Instantly I was 18, a guitar neophyte, learning hammer-ons and new chords, and volunteering to work with the high-schoolers at a local church. I was full of life, full of new knowledge from stimulating university classes, and, to be honest, pretty full of myself. I was living at home with my parents, and friends wth all sorts of people that I no longer talk to... not on purpose, though. It just, well, happens.
I was reliving my experiences, but something wasn't right. Something wasn't the same. Something had changed.
The answer came out of nowhere, like an email from the aether -- it was me.
In these years that separate the me of then from the me of now, the sound hasn't changed, but I have.
I realized then that I'm not much different from the earth upon which I live. All around me, as I drove, were rolling hills, made of dust and silt and compound organic matter-type things, forming layers upon layers as time rolls on. The earth never stays the same, either. Winds blow, storms come, things die, things are born; the earth is stretched in constant tension between death and rebirth... and we're just the same.

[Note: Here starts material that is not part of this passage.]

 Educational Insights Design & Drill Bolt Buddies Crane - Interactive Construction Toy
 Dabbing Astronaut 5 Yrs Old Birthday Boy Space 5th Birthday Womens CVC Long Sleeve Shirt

The music -- Wertz's song was recorded in early 2001, the end of my sophomore year of college -- hasn't changed. It's fixed, static, recorded, done.
But I'm not.
Layer upon layer of dirt, of silt -- blankets of life and death -- are constantly laid upon us as we get older. In many ways, we'll never be free in the sense that we were "back then." Concerns and troubles seem to plague us as we age; more is added to more, and as much as we sometimes want to, we cannot shed our experiences like a winter coat in springtime. The heaviness of life is battering ram, juggling act, and weightlifting contest, and the intensity of the game never seems to slacken.
I wonder if becoming an adult just means somehow learning to live with the weight of all this... gravity.